Я очень удивилась себе. Что зацепило меня, к тому моменту маму двоих малышей и очень-очень занятую трудностями быта молодую женщину? Только несколько месяцев спустя, примеривая красную (!) шляпу с широкими полями к длинному темно-серому пальто, с красиво разлетающимися полами при плавном движении, в туфлях на высоких узких каблуках (неужели тоже красных?), я догадалась.

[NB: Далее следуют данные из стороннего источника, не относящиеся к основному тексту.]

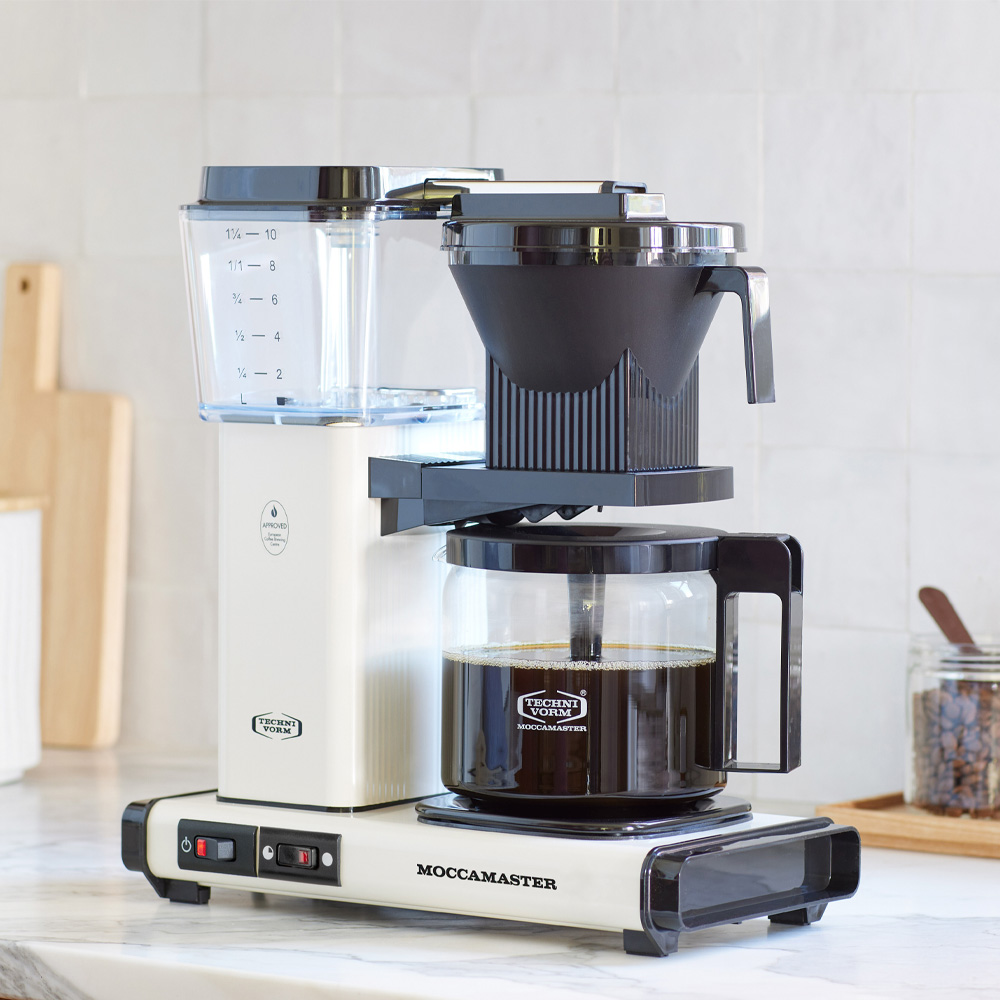 Moccamaster Automatic Kaffebryggare Mattvit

Эта невероятная мода! Модерн как способность видеть красоту в обыденности, обращение совершенства природы на службу дизайну и индустрии модной одежды. Внешняя чрезмерность и затейливость, создающая ощущение хрупкости и ненадежности мира. Это было смелое и сильное время. Сейчас уже можно так говорить, самая сексуальная из эпох в истории моды. Бессмысленно прекрасные и неправдоподобно романтические образы, живущие будто не в нашем мире, а в тщательно подобранных декорациях. Они заставили меня тогда действительно страдать от невозможности их совмещения с обычным человеческим счастьем.

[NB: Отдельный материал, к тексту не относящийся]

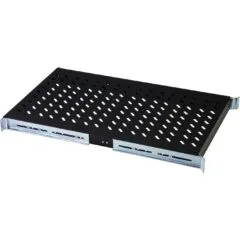 DIGITUS Fachboden 1HE 44x483x737mm bis 100KG Black - 1U shelf, 483 mm W x 720 mm D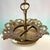Portuguese Regency Style Frosted Glass Pendant with Ornate Brass Crown, 1980s For Sale - Image 13 of 17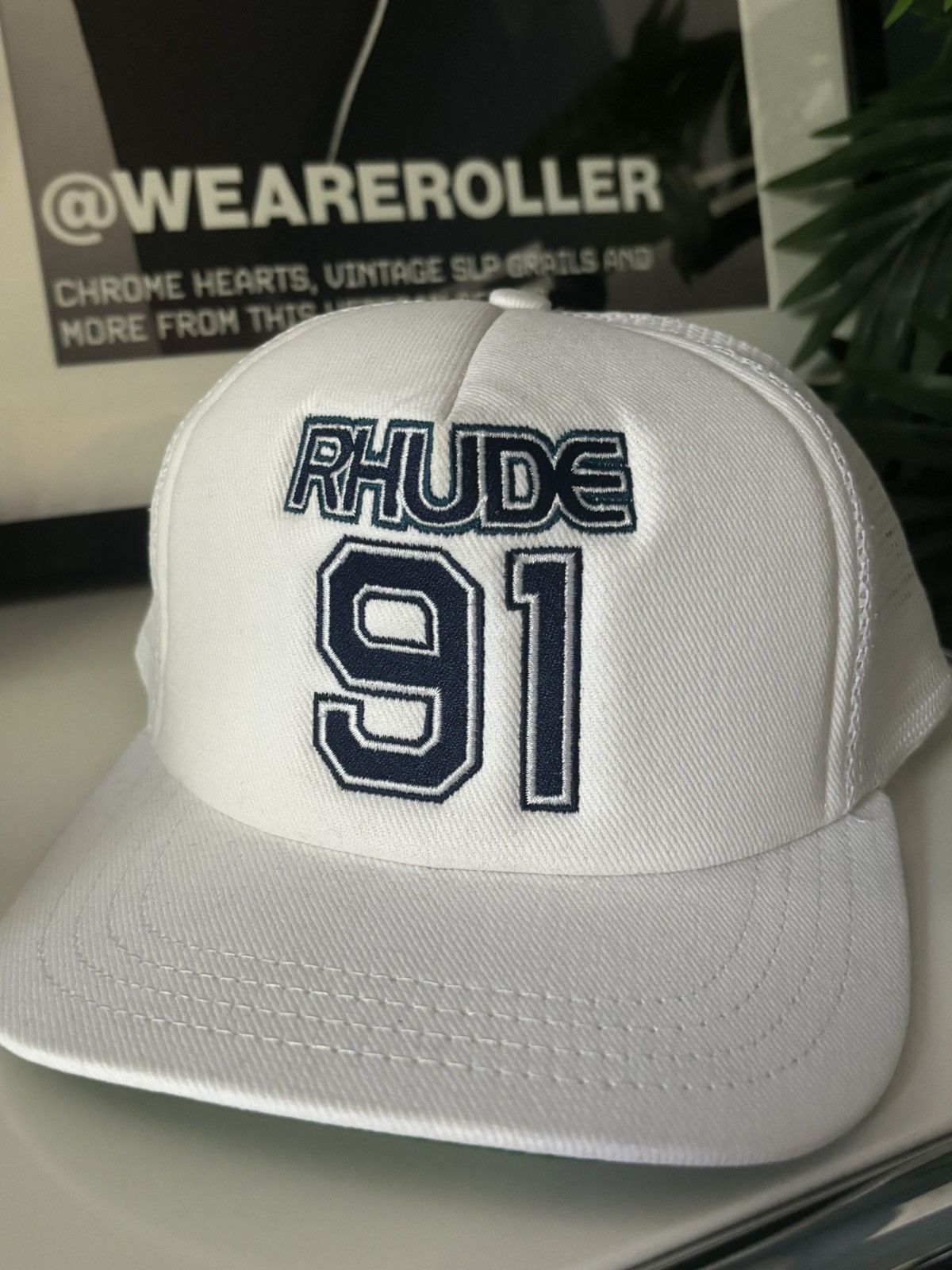 Rhude RHUDE “VINTAGE ST BARTS 91” HAT Size ONE SIZE - 3 Thumbnail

Я по-новому стала читать своим ученикам Блока: «И веют древними поверьями ее упругие шелка, и шляпа с траурными перьями, и в кольцах узкая рука…», помните, наверное? У меня были в основном ученицы, и я была уверена, что главная женская наука — хранить достоинство и красоту — благодаря моде великой эпохи модерна становилась понятнее. Я показывала им картины и фотографии, я объясняла, что умение нести на себе (в себе?) эти почти театральные костюмы, слишком яркие и шикарно-неповторимые шляпки и что-то там еще едва удерживающееся на волосах не легкомыслие, а искусство. Что в таком платье трудно, конечно, жить размашисто, по-хозяйски, так сказать, зато легче сохранить нежность и женственность. Мы читали Чехова по программе и Френсиса Скотта Фицджеральда «по настроению». Мир настоящего искусства трагически противостоял миру денег, а границы этого противостояния растягивались в лихие девяностые уже и до нас. По экранам надолго загрохотали голливудские, и не только, боевики. Другое время — другая мода. А так хотелось увидеть украшения ручной работы на узких длинных платьях, похожих на цветок лилии, воздушные палантины и шляпы. Хотя бы это…
Что мы сегодня можем не знать о прекрасной эпохе модерна? Написаны тысячи исследовательских работ, организованы сотни уникальных выставок, а еще книги и кинопремьеры! Но все же не покидает ощущение нереальности того времени. Вот бы, подобно герою фильма Вуди Аллена «Полночь в Париже», убедиться в том, что все так и было: красивые женщины, гениальные мужчины, манящая и интригующая атмосфера творчества как бесконечного праздника. Зачем? Чтобы не спутать в наше время разрушительно-дорогую роскошь с красотой линий в изысканно-простом наряде, созданном не столько модельером, сколько художником. Как? Учиться чувствовать, пройтись однажды под дождем, например, или услышать живые звуки леса или моря. И сохранить красоту в себе, а не в иллюзиях о шикарной и богатой жизни…
P. S. Мои попытки найти себя в моде эпохи модерн вполне удовлетворяются несколькими кольцами, подвесками и браслетами из коллекций ювелирной компании Frey Wille, посвященных Густаву Климту и Альфонсу Мухе. Настоящим модернистам.